In his first letter to the Corinthians the apostle Paul speaks of his determination to preach the crucified Christ. He says: “Jews demand signs and Greeks look for wisdom, but we preach Christ crucified: a stumbling block to Jews and foolishness to Gentiles, but to those whom God has called, both Jews and Greeks, Christ the power of God and wisdom of God”. (I Corinthians 1:22-24; TNIV)
First century Jews looked for signs because they were expecting their God to send a powerful leader like Moses or David to deliver them from the hands of the Romans. They wanted God to do what He did in the Exodus story. That is, to use powerful and splendid signs to overcome their enemies. Jesus, however, did the very opposite. He died on a Roman cross, which was a symbol of shame and humiliation. Indeed, it was the means by which the Romans showed their superiority and control over the people they had conquered.
First century Greeks looked for wisdom because they were zealous for all kinds of learning. It was simply beyond human reasoning to think that the saviour of the world would be a weak and defeated criminal on a Roman cross. For the ancient Greeks, it was not right for the alleged saviour of the world to be dishonoured in public and suffer disgrace. Yet this is the type of saviour Paul proclaimed in his Gospel.
The offence of the message of the crucified Christ is its bold and counter-cultural claim against the basic idolatry of humanity. Professor Gordon Fee helpfully summaries how that basic idolatry of humankind looks like: “God must function as the all-powerful or the all-wise, but always in terms of our best interests – power in our behalf, wisdom like ours! For both the ultimate idolatry is that of insisting that God conform to our own prior views as to how “the God who makes sense” ought to do things.” (Emphasis added)

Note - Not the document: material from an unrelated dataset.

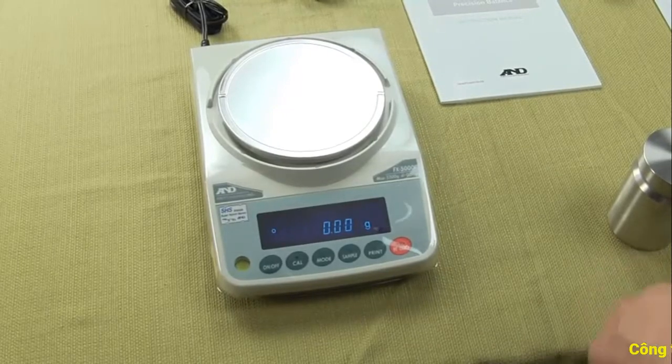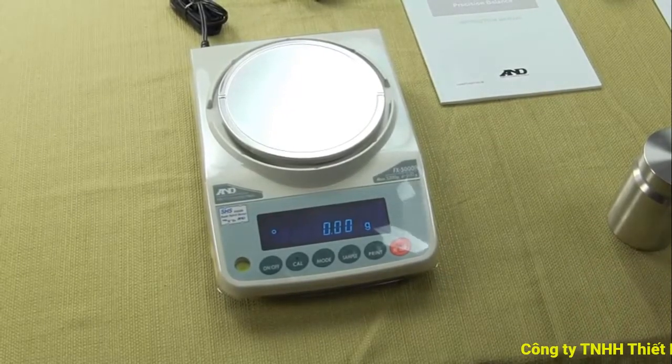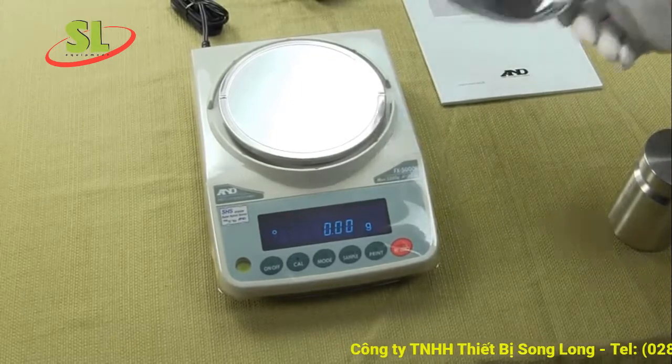Welcome to Precision Weigh-In Balances. Today we're going to be showing you the A&D FX5000i.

We should not shy away from preaching the crucified Christ in our churches. As we reflect on the love of Christ during Easter, let us also remember that our way of life must model after Him. The Christian life is not about the pursuit of power and human wisdom. It is not about miraculous signs or a supreme philosophy that make us superior. Neither is it about an endless pursuit of blessings. Nor is it simply a matter of seeking peace and harmony. Instead, it is about following the Messiah, the Son of God — who humbled Himself, suffered and died on the cross, and was exalted to the highest place to the glory of God the Father (cf. Philippians 2:5-11). Deviating from proclaiming the crucified Christ and following His ways means that we slowly go down the path of fashioning God after our own image and hence the path of idolatry. But living out this basic truth means that authentic Christianity is preserved and that the church can truly bear witness to the Gospel.